See, this is the problem with being a journalist/wannabe novelist. When I consider writing the book (and that’s about all I do now with it — consider it) I am concerned that I won’t be able to make it feel genuine if it’s not based on experiences that are clear and understandable to me. I’m walking this bridge between nonfiction and fiction, when instead I need to just dive into fiction and just trust that the nonfiction of my subconscious will seep in as necessary.
Is that what actual novelists do?
Perhaps the real problem is that I need to do some fiction-writing training to help me be more confident and less inhibited. Someone should make a version of P90X for wannabe novelists. A more literary Tony Horton could implement a 90-day cerebral exercise routine where doubtful, lazy, procrastinating and excuse-laden writers would do some imagination strength training and pound out the damn book already. (That actually might already exist in the form of National Novel Writing Month, which I participated in in 2011 to the tune of 18,000 words — far short of the 50,000 needed to “win”).
Also, if I could have a beach body at the end of three months, that would be OK, too.
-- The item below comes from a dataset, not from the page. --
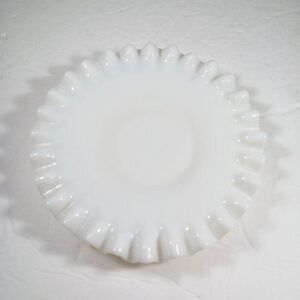 FENTON Hobnail 6" Saucer Milk Glass Ruffled Edge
When I was in elementary school I loved writing and illustrating stories. I was thrilled when the teacher handed out newsprint that was half lined and half blank — so you’d write out your story on the bottom half and draw pictures on the top. Why was it so easy then to invite worlds and people to inhabit them?
So here’s what needs to happen: I need to awaken my inner Susie (that’s what people called me back then) — but hopefully I’ll ditch the ugly sweaters and bad hair — while simultaneously developing some sort of inner-Tony Horton/Editor hybrid to force me to get the cursor to stop blinking on a blank page.